## EXERCISE DIRECTIONS
Return, exactly as written, the lines of the material from its top through the line with "Did you know", keeping pictures out.

## INPUT MATERIAL
● ● ● ● ● ● ●

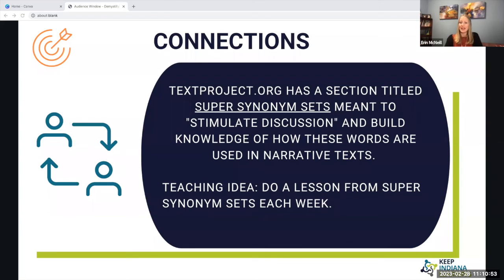We can also make connections. Textproject.org has a section titled Super Synonym Sets, and there is also a lesson plan you can follow that has questions meant to stimulate discussions and build knowledge of how words are used in narrative texts. The synonym sets contain words from the core knowledge words that Dr. Hebert has found, and there are several different themes you can use — doing a lesson from these synonym sets each week.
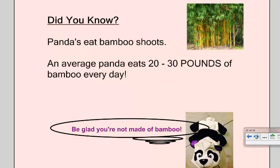Did you know that pandas eat bamboo shoots? That's their really only source of food. But an average panda eats 20 to 30 pounds of bamboo every day. You almost weigh 30 pounds! And Panda says, be glad you're not made of bamboo. Have a good day, third graders.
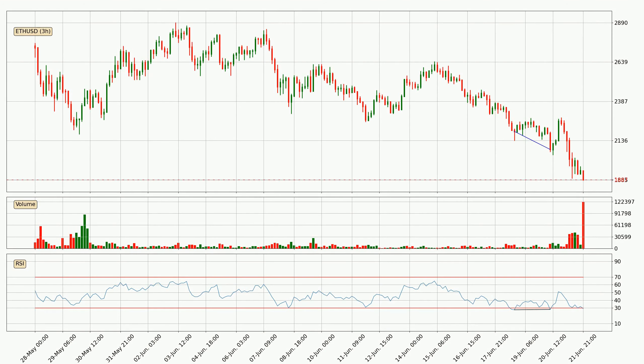Searching for divergence in the three-hourly time frame, following the bullish divergence, the price went up and quickly came back down.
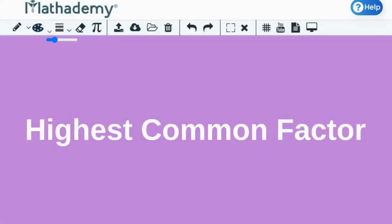Hello everyone. In the previous video, we have learned about factors and multiples. In today's video,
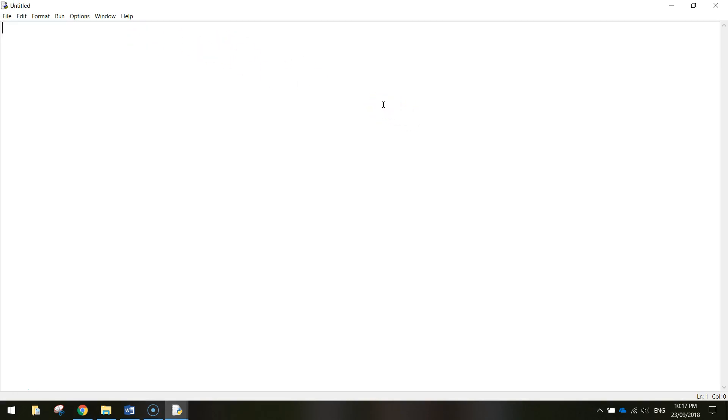So as I said for this tutorial we want to display some messages on the screen. In Python the way we get messages to display up on the screen is we use a keyword or a reserved word in Python called print.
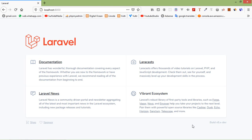Hi everyone, welcome back to the Laravel 8 tutorial. In this video we are going to learn about blade templates. Blade is the inbuilt templating engine for the Laravel framework. It is a very powerful and easy to use templating engine that makes writing syntax very easy and readable.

● ● ● ● ● ● ●

## EXERCISE RESULT
We can also make connections. Textproject.org has a section titled Super Synonym Sets, and there is also a lesson plan you can follow that has questions meant to stimulate discussions and build knowledge of how words are used in narrative texts. The synonym sets contain words from the core knowledge words that Dr. Hebert has found, and there are several different themes you can use — doing a lesson from these synonym sets each week.
Did you know that pandas eat bamboo shoots? That's their really only source of food. But an average panda eats 20 to 30 pounds of bamboo every day. You almost weigh 30 pounds! And Panda says, be glad you're not made of bamboo. Have a good day, third graders.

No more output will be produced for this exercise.